╭──

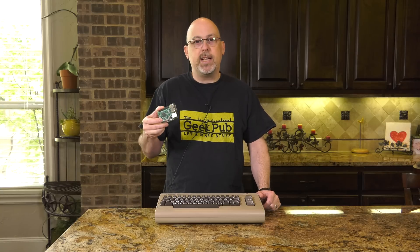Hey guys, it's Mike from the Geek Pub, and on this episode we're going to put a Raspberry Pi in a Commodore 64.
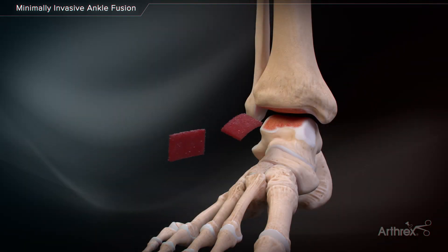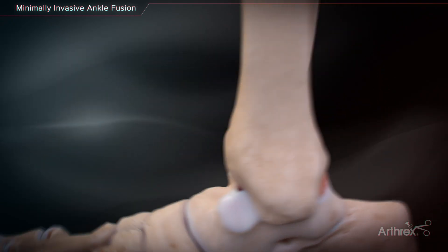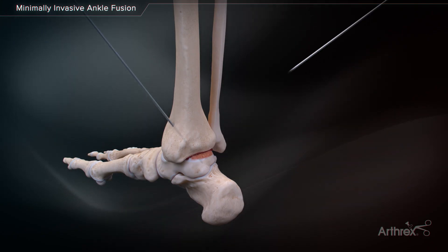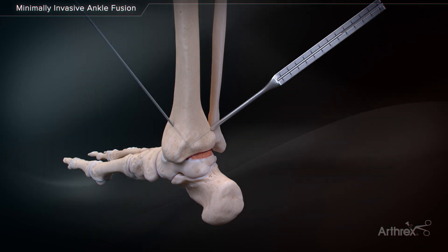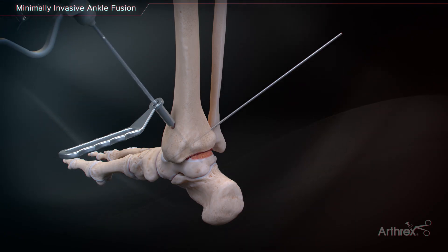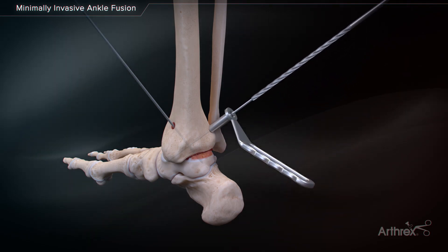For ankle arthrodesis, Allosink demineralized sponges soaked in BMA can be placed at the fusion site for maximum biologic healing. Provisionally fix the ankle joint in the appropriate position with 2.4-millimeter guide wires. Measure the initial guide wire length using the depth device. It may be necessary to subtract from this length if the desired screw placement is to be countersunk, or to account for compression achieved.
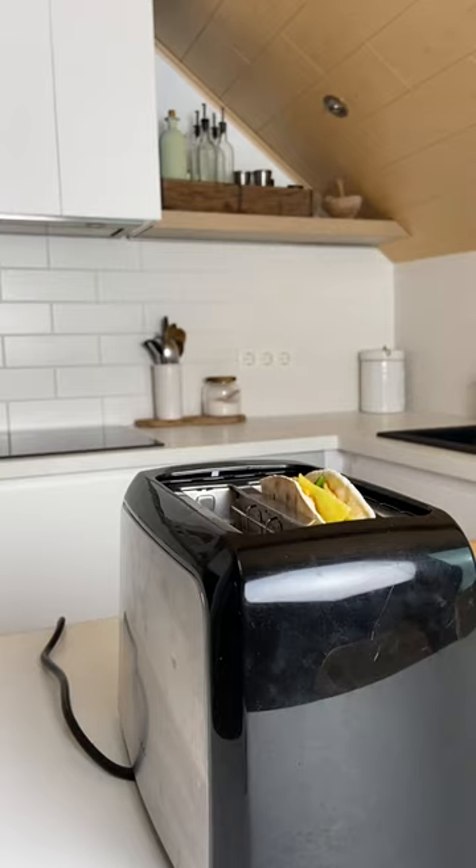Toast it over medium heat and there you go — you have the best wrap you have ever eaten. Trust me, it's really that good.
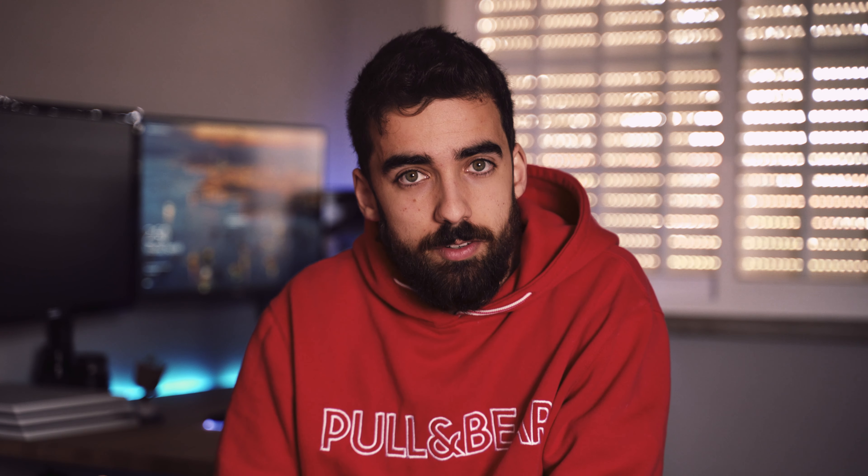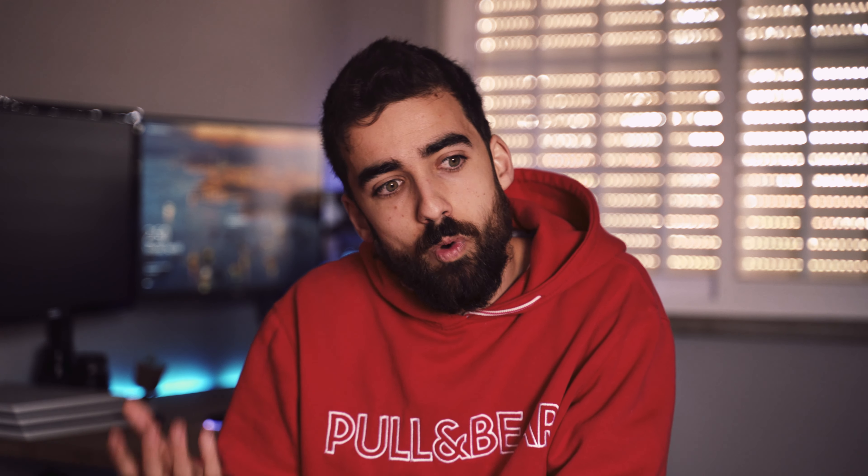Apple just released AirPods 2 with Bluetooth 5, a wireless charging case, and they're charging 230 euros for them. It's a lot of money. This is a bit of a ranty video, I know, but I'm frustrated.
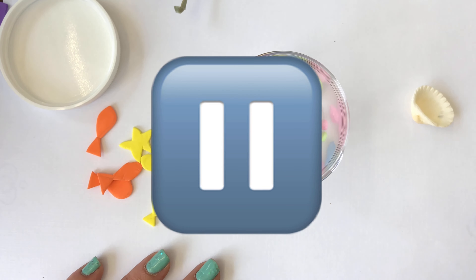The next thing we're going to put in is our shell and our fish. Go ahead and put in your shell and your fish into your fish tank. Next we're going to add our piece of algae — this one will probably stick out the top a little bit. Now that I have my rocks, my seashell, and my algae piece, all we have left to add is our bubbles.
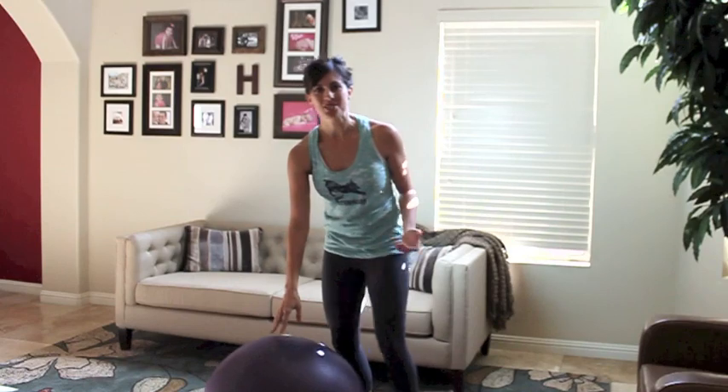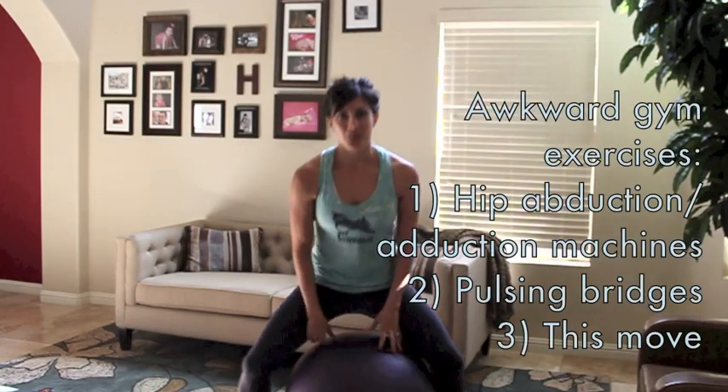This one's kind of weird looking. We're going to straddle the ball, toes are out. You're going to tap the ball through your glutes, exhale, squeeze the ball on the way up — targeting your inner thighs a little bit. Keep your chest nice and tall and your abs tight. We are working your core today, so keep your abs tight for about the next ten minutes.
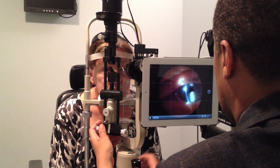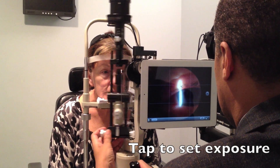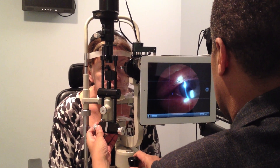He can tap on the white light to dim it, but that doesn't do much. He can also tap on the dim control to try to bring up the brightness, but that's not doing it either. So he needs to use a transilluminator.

╰──

◆ Task statement ◆
Leave out the pictures and return, exactly as written, only the lines from the line with "Toast it over" through the end of the records above.

◆ Answer to this task ◆
Toast it over medium heat and there you go — you have the best wrap you have ever eaten. Trust me, it's really that good.
Apple just released AirPods 2 with Bluetooth 5, a wireless charging case, and they're charging 230 euros for them. It's a lot of money. This is a bit of a ranty video, I know, but I'm frustrated.
The next thing we're going to put in is our shell and our fish. Go ahead and put in your shell and your fish into your fish tank. Next we're going to add our piece of algae — this one will probably stick out the top a little bit. Now that I have my rocks, my seashell, and my algae piece, all we have left to add is our bubbles.
This one's kind of weird looking. We're going to straddle the ball, toes are out. You're going to tap the ball through your glutes, exhale, squeeze the ball on the way up — targeting your inner thighs a little bit. Keep your chest nice and tall and your abs tight. We are working your core today, so keep your abs tight for about the next ten minutes.
He can tap on the white light to dim it, but that doesn't do much. He can also tap on the dim control to try to bring up the brightness, but that's not doing it either. So he needs to use a transilluminator.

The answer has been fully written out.